Despite previously anticipating that its North American courseware business would be broadly stable, Pearson saw a £180m decline in profits in the business in 2016 and now predicts that “many of these downward pressures will continue”.
As a result the publisher plans to accelerate its digital transition in higher education, to manage print decline, and to reshape its portfolio.
One way it will do this is to be more competitive in the courseware rental market and the publisher plans to reduce e-book rental prices by up to 50% across 2,000 titles - “making digital rental the best option for price-conscious students”.

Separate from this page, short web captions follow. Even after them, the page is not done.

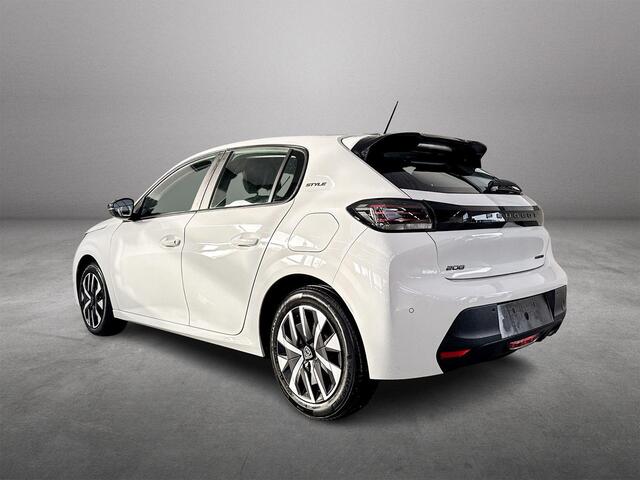Peugeot 208 Style 1.2 Hybrid 110PK e-DCS6 Automaat Parkeersensoren Achter, Apple Carplay, Android Auto, Cruise Control, Airco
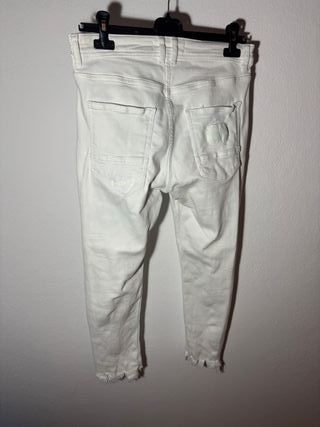 Pantalones Vaqueros Blancos Zara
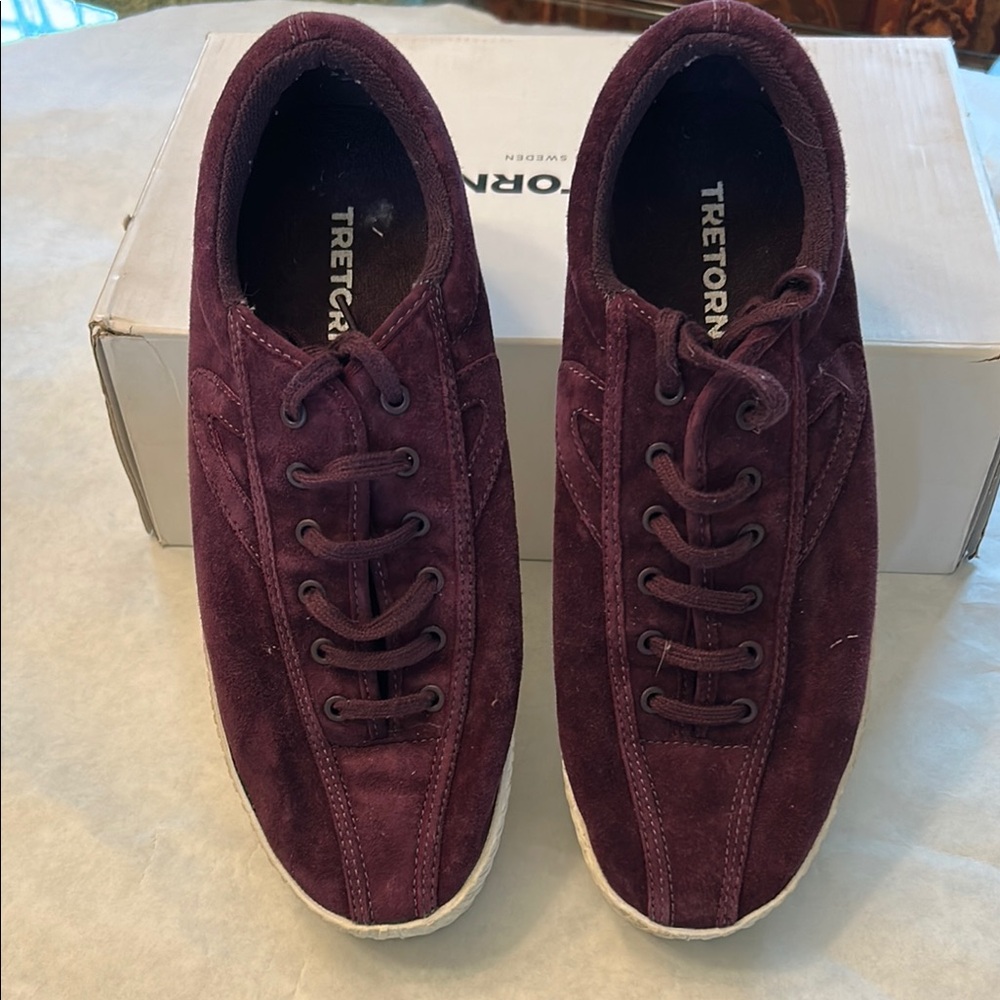 Tretorn Women's Dark Burgundy Sneakers
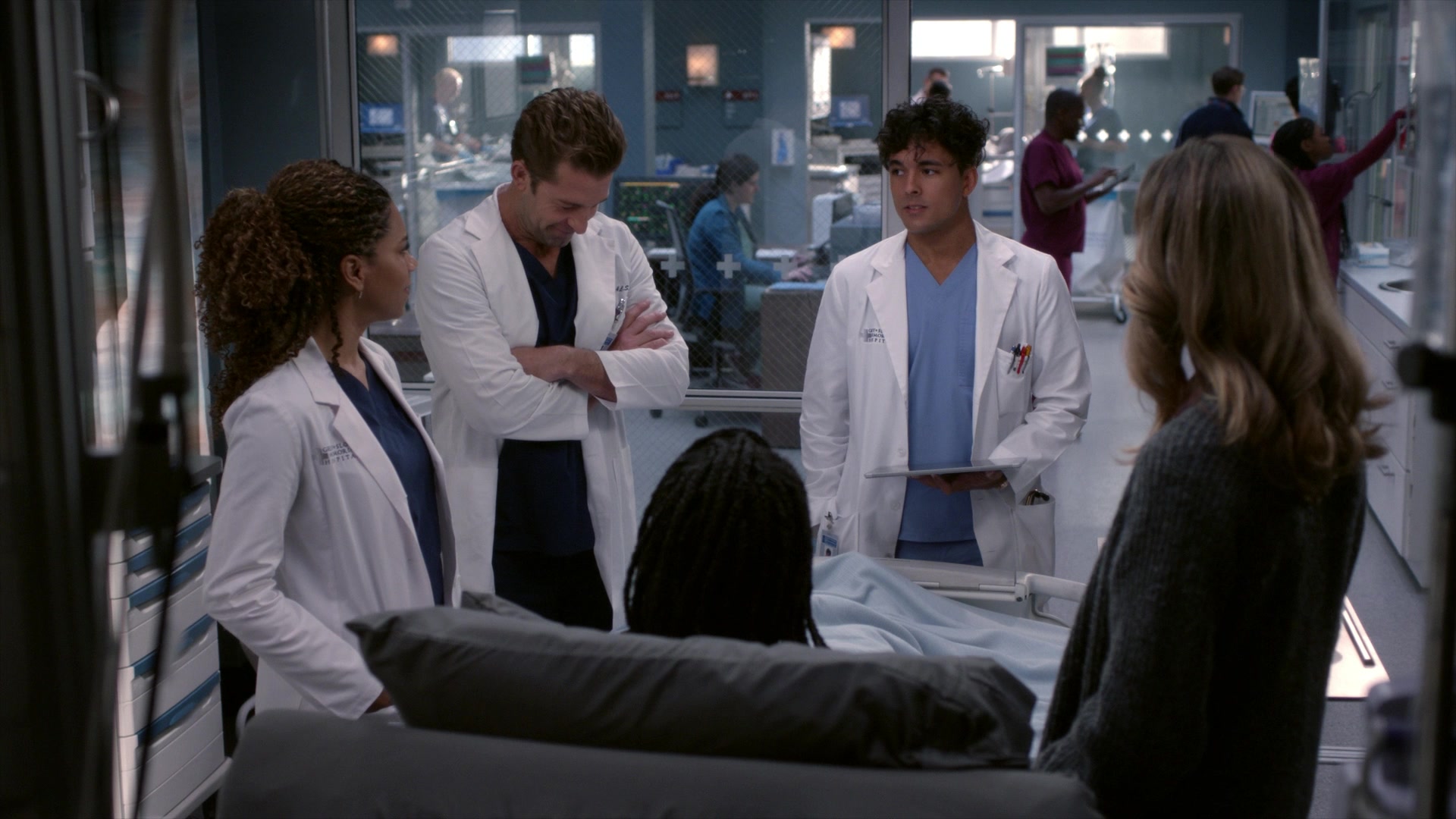 Greys_Anatomy_S19E11_0316.jpg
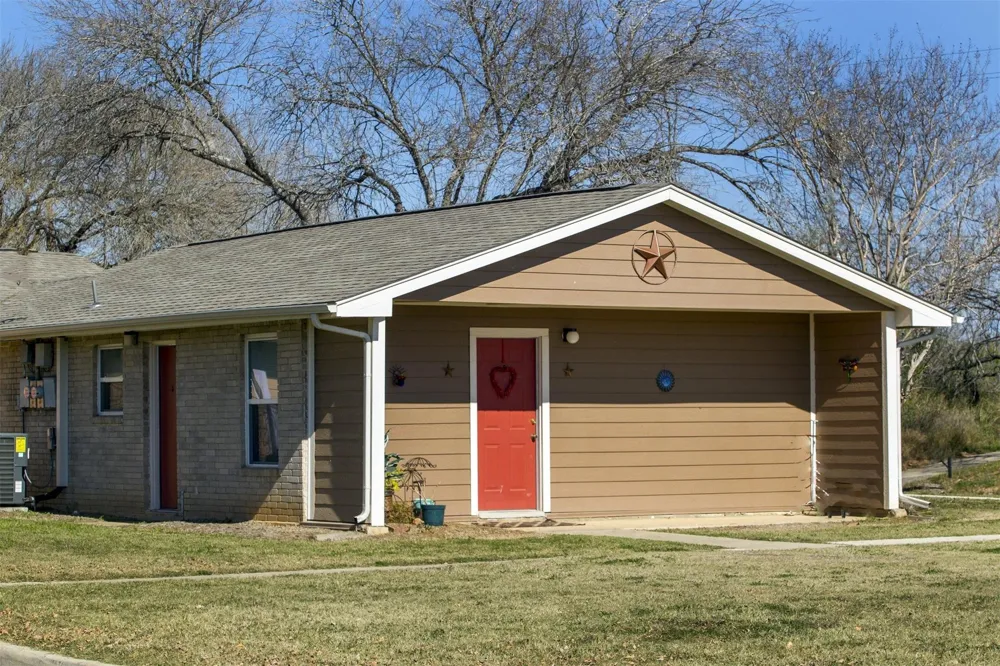 1200 E Frio Street Pearsall, TX 78061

The publisher also intends to launch its own print rental program, which it will pilot with an initial group of 50 titles with approved partners. “If successful we will scale this program rapidly,” the company said.
Pearson will invest £50m in the new ventures, which will “accelerate our product roadmap by two years”, it said.
Pearson also issued an exit notice to sell its 47% stake in trade publisher Penguin Random House as part of its trading update this morning, with majority shareholder Bertelsmann saying it was “open” to buying the stake if “the financial terms are fair”.